En este episodio del Evangelio se revela la Santísima Trinidad en una solemne teofanía; se revelan la divinidad de Cristo, Hijo predilecto del Padre, y su misión salvífica, para la que se encarnó.
He aquí revelado en este episodio el fundamento absoluto de nuestra fe y por lo tanto de nuestra consagración: la divinidad de Cristo y su misión.
2. Juan Bautista, al anunciar al Mesías, decía: «El os bautizará en Espíritu Santo y en fuego». En estas palabras se contiene un mensaje que vale para toda la historia de los hombres. El fuego es el símbolo bíblico del amor. de Dios, que quema y purifica de todo pecado; el Espíritu Santo indica la vida divina, que Jesús ha traído mediante la «gracia». Puesto que Jesús es Dios, su Palabra permanece válida para siempre. Y para que la verdad revelada y los medios de salvación permaneciesen íntegros a través de las vicisitudes de loa tiempos, Jesús instituyó la Iglesia sobre los Apóstoles y sus sucesores, y dio a Pedro y a sus sucesores el mandato de confirmar en la fe a los hermanos, dejándoles la seguridad de su oración particular y la asistencia del Espíritu Santo.
Esta certeza debe impulsaros, queridísimos seminaristas, a la confianza total y absoluta en Jesús, en su palabra, en la Iglesia querida y fundada por El mismo. Jesús es la verdad; ha venido para dar testimonio de la verdad; nos ha consagrado en la verdad (cf. Jn 14, 6-8. 12; 8, 31-32; 17, 17-19; 18, 37). No puede, engañarnos; no puede abandonarnos en la niebla de las confusiones, en la espiral de la duda, en el abismo de la angustia; en la ansiedad de la incertidumbre.

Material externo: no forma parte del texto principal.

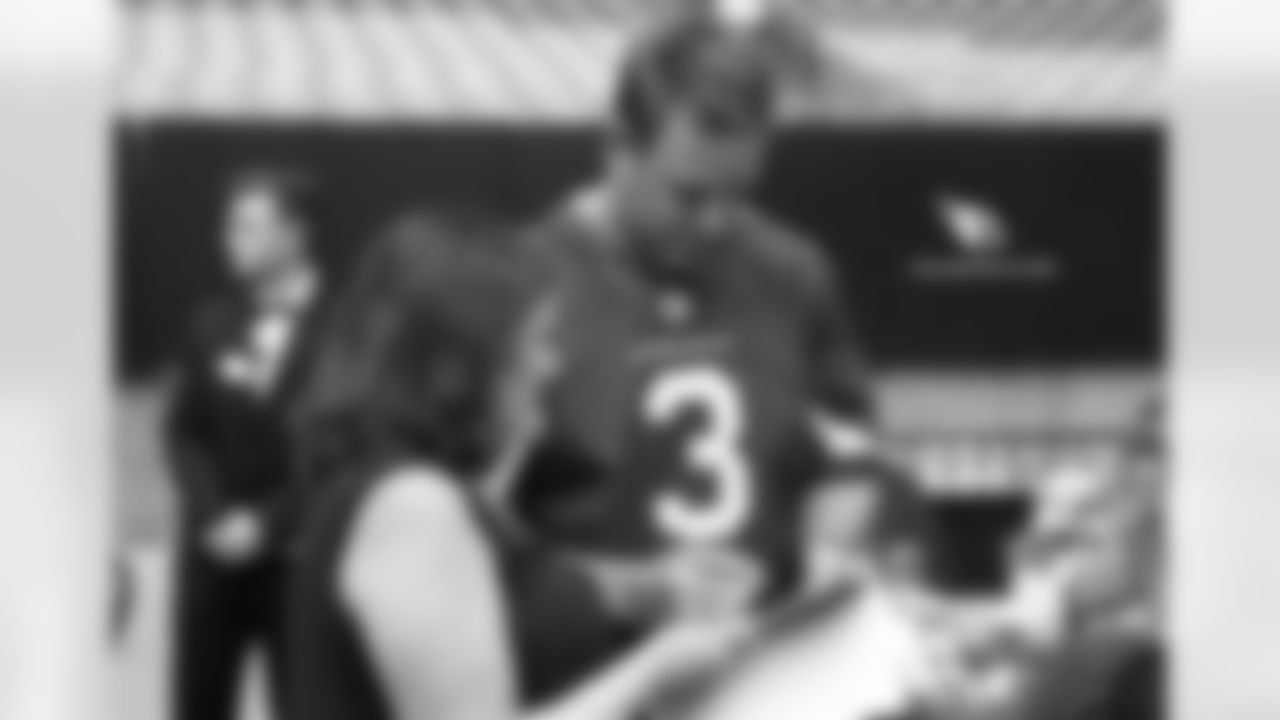 QB Carson Palmer signs autographs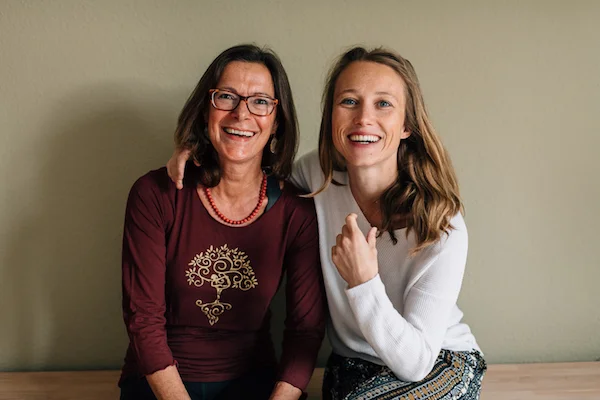 Gudrun und André und Sinah Müller halten die HAND auf’s HERZ Stunde in Saarbrücken.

Todo pasa, pero la verdad permanece; pasa la figura de este mundo, pero la Iglesia no pasa.
3. Ahora os encontráis en el seminario, atendidos con amor y desvelo por vuestro superiores y profesores, para ser después vosotros mismos los que bauticen «en fuego y en Espíritu Santo». Por esto también se pueden aplicar a vosotros las palabras del Señor referidas por el profeta Isaías: «Te he llamado en la justicia y te he tomado de la mano. Yo te he formado y te he puesto por alianza para mi pueblo y para luz de las gentes, para abrir los ojos de los ciegos, para sacar de la cárcel a los presos, del fondo del calabozo a los que moran en tinieblas» (Is 42, 6-7).
Dejaos conducir por la mano del Señor, porque El quiere realizar hoy la Redención por medio de vosotros. La Redención siempre es actual, porque siempre es actual la parábola del trigo y de la cizaña, siempre son actuales las bienaventuranzas. La humanidad siempre tiene necesidad de la Revelación y de la Redención de Cristo, y por esto os espera. Siempre hay almas a las que iluminar; pecadores a quienes perdonar, lágrimas que enjugar, desilusiones que consolar, enfermos a quienes animar, niños y jóvenes a quienes guiar: ¡existe y existirá siempre el hombre a quien amar y salvar en nombre de Cristo! Esta es vuestra vocación, que os debe hacer alegres y animosos.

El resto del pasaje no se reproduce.